Temperature selection was observed in many benthic and planktonic crustaceans (Lagerspetz & Vainio, 2006). Usually, it is based on changes in activity and movement speed rather than on a directional taxis (Lagerspetz & Vainio, 2006). Temperature in the aquatic environment may vary at a microscale, particularly in shallow near-shore areas, due to variable shading by the riparian canopy, floating plant leaves and submerged shelters as well as with the circadian cycle (Pokorny & Kvet, 2003; Dallas & Rivers-Moore, 2011). Thus, the ability to select appropriate temperature greatly increases the fitness of aquatic animals. Moreover, as predatory habits of D. villosus strongly depend on temperature, this factor also shapes its effects on aquatic communities (Van der Velde et al., 2009). Maazouzi et al. (2011) found that the ability of D. villosus to adapt physiologically to high temperature was lower than that of a native species. However, in the light of our results, the alien species seem to use another strategy and adjust their ambient temperature behaviourally.

Temperature also depends on the river size. In small streams, it is more variable and affected by external factors to a greater extent than in large rivers. Small tributaries with a dense riparian canopy are colder than wider rivers, less affected by their shoreline (Allan & Castillo, 2007). Perhaps this may be one of the factors preventing alien gammarids, shown in our study to prefer warm waters, from entering smaller affluents, in which they have never been found so far (Grabowski et al., 2009).

Conclusions

In the field, multiple factors act simultaneously, interacting with each other and modifying their impacts on organisms. Therefore, it is difficult to account for interactive effects that occur in the field, and to extrapolate laboratory results directly to nature. However, our experimental study under controlled conditions is useful because it suggests cause–effect relationships between particular factors and animal responses.
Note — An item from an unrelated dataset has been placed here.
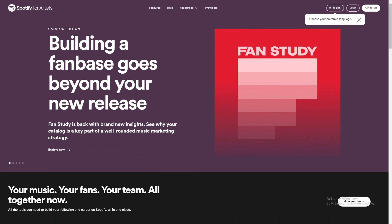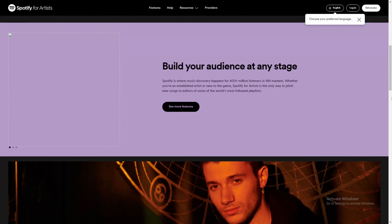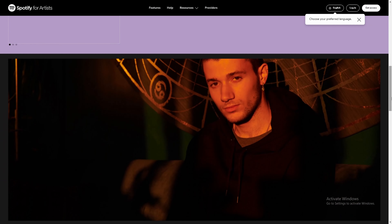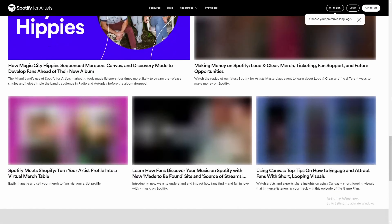Spotify for Artists still exists, but it's more to manage your profile, upload artwork, and create those short little videos you sometimes see on some songs. You can't use it to upload your actual music to Spotify. You have to use one of the digital distribution companies out there, and there are a lot to choose from.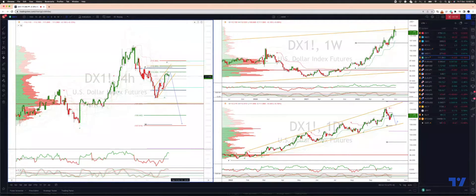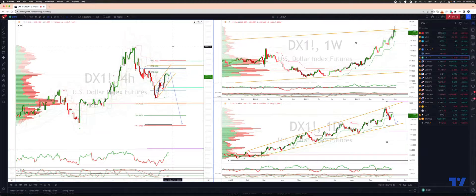At this stage, a close through 1.1336 would suggest further upside and a retest of the prior cycle highs into the 1.1470s.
We did not confirm gammarid affinity for increased ionic content. Thus, their avoidance of less saline small streams in favour of large rivers may partially depend on temperature or current velocity barriers, as suggested by our experiments. Consistent with our hypothesis, neither of the species exhibited preferences for flowing water, though they showed considerable capacity for dealing with moderate water velocities. However, contrary to our expectations, D. villosus was less resistant to the water flow than P. robustoides. Finally, in accordance with our hypothesis, P. robustoides selected more constant, seasonally dependent temperatures (cooler in summer, warmer in autumn), which may be beneficial in shallow areas often inhabited by this species.

The observed gammarid responses are likely to lead to their occurrence in warm, slowly flowing waters in the field. Given their distribution in the wild (Grabowski et al., 2009), low ionic content seems less important in their habitat selection, though, according to our study, a decrease in this parameter may also be beneficial for the studied species. Nevertheless, the ability to select an optimal microhabitat using thermal, hydrodynamic and salinity cues helps them survive under spatially and temporally variable conditions, which may contribute to their invasive potential. Relatively low selectivity with regard to water flow and, in the case of P. robustoides, salinity predestines them to live in a wide range of aquatic habitats.

Contrary to our expectations, we did not find strong differences in habitat preferences between the studied species. Even if they differed with regard to mechanisms of reactions, e.g. in the case of temperature, the final effect of their behaviour was similar (e.g. occupation of warmer areas). The similarity between the species, including their similar substratum preferences (Jermacz et al., 2015; Kobak et al., 2015), could potentially lead to strong interspecific competition and displacement. However, another study has demonstrated their variable depth preferences (with P. robustoides selecting shallower locations), which is likely to contribute to their separation and decrease competitive tensions in the field (Kobak et al., 2017).